We affirm the denial of lost profits damages, vacate the attorney fees
award, and remand the case to the trial court to reconsider an attorney fees
award under the standard we have described.
I
This case stems from a 1984 contract under which the cross-appellant Bill
Hubbard (“Hubbard”) agreed to build and operate a mini-storage facility at a
naval air station. The Navy agreed to provide the personnel to operate the
facility and a rental office known as the Rent All Center. The financial
arrangements were that Hubbard would give the Navy 17.5% of the business’

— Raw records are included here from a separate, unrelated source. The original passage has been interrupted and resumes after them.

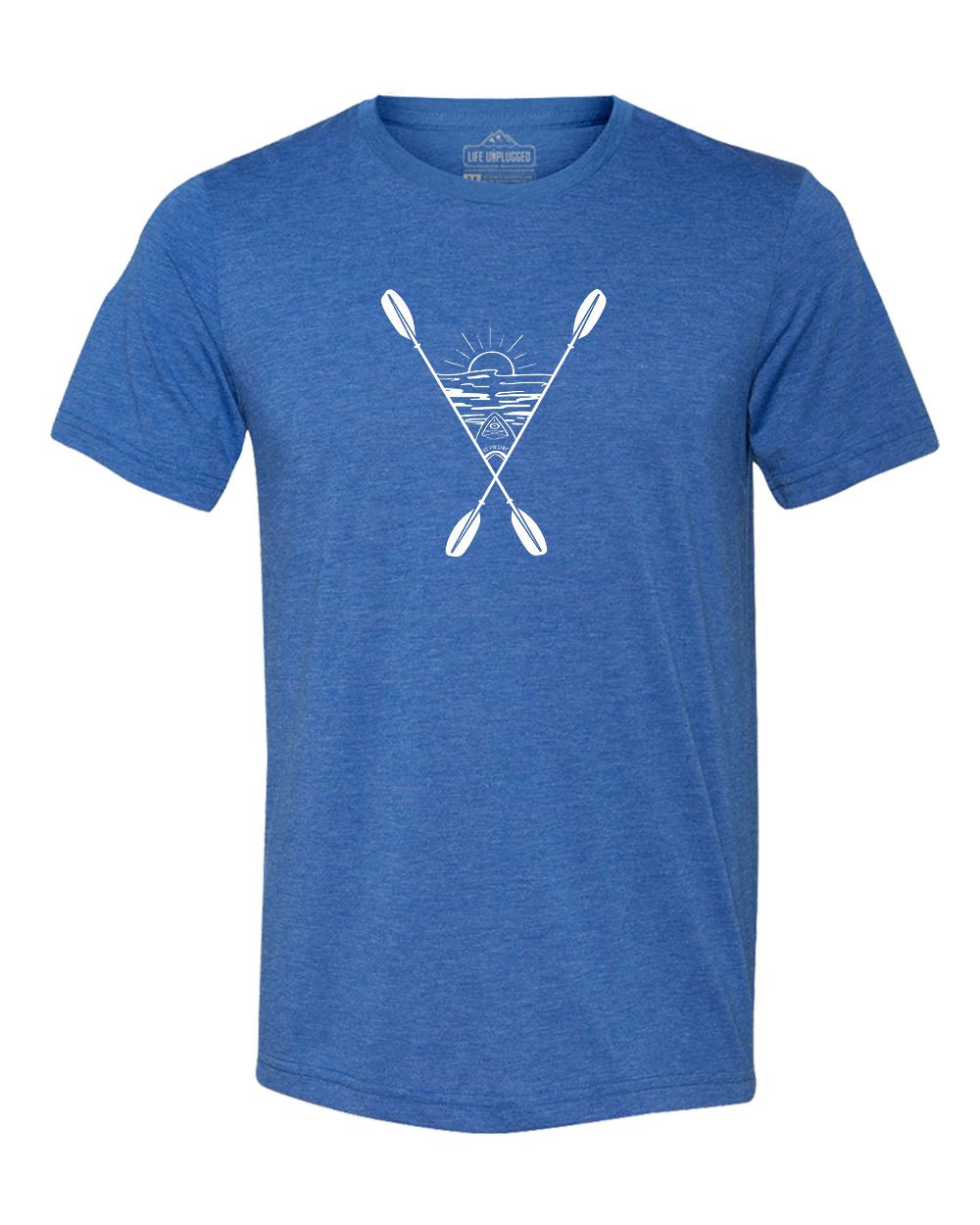 KAYAKING INTO THE SUNSET Triblend T-Shirt XL - GREAT LAKE BLUE BLOWOUT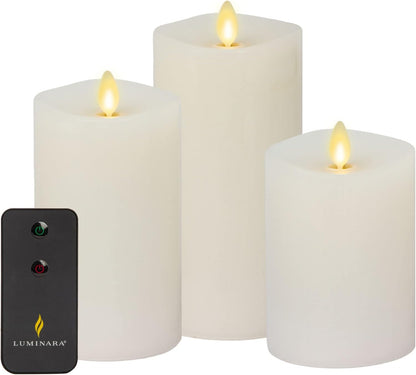 Luminara Realistic Battery Operated Flameless Pillar Candles, Moving Flame (Used)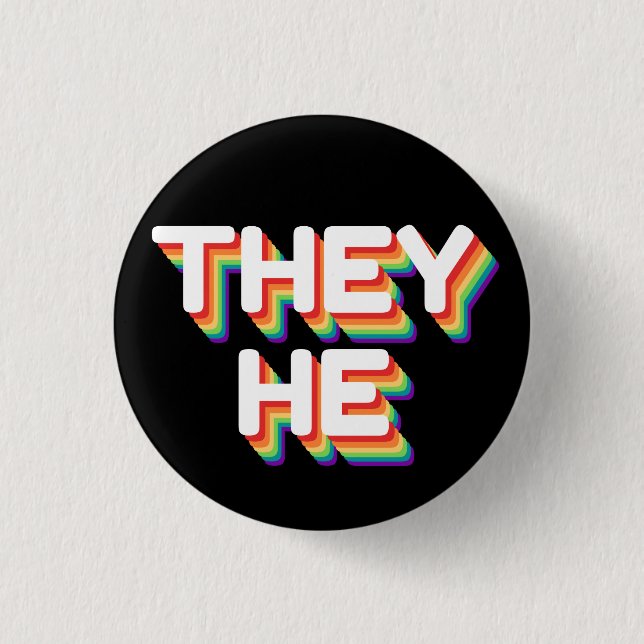 Sie/Er Pronouns Rainbow 3D Retro Button (Vorderseite)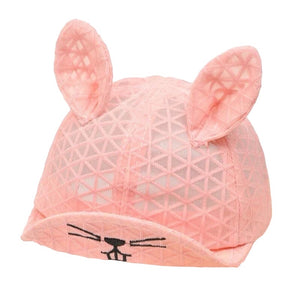1love2hugs3kisses Baby Bunny Mesh Hat With Ears Pink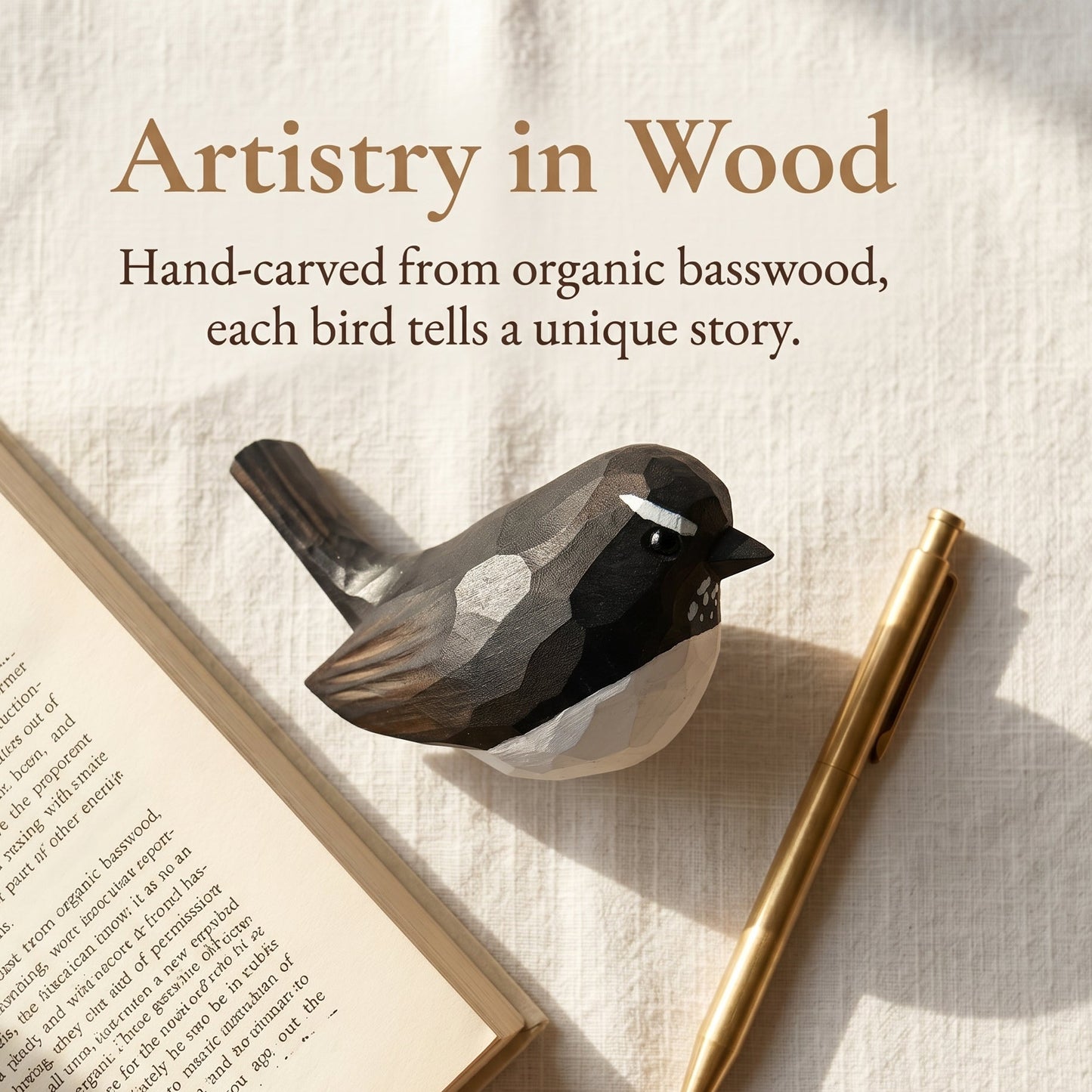 Hand-carved wooden Willie Wagtail figurine with a faceted basswood finish, resting on a desk beside an open book and a gold pen with overlay text reading "Artistry in Wood."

gross revenue and retain the rest.
Tensions arose between the parties in 1993 when Captain Al Gorthy, Jr.
became the new commander of the base. Despite Hubbard’s objection, Captain
Gorthy moved the Rent All Center to a new location about two miles from the
facility. Captain Gorthy also took other actions relating to the facility, described
below, to which Hubbard objected.
In 1995, Hubbard filed suit in the Court of Federal Claims seeking
damages for breach of contract. He contended that moving the Rent All Center
violated the Navy’s contractual obligation to provide an on-site rental office.
Hubbard v. United States, 52 Fed. Cl. 192, 194 (2002). Hubbard also contended
that the Navy breached the contract by ending phone service to the rental facility
before it was moved; reducing the hours of the Rent All Center; failing to post
signs notifying customers of the new office’s location; allowing firefighters to
conduct a training exercise at the storage facility site; and allowing other
contractors to park at the storage facility, which damaged a concrete slab on
which Hubbard planned to build another storage building. Id.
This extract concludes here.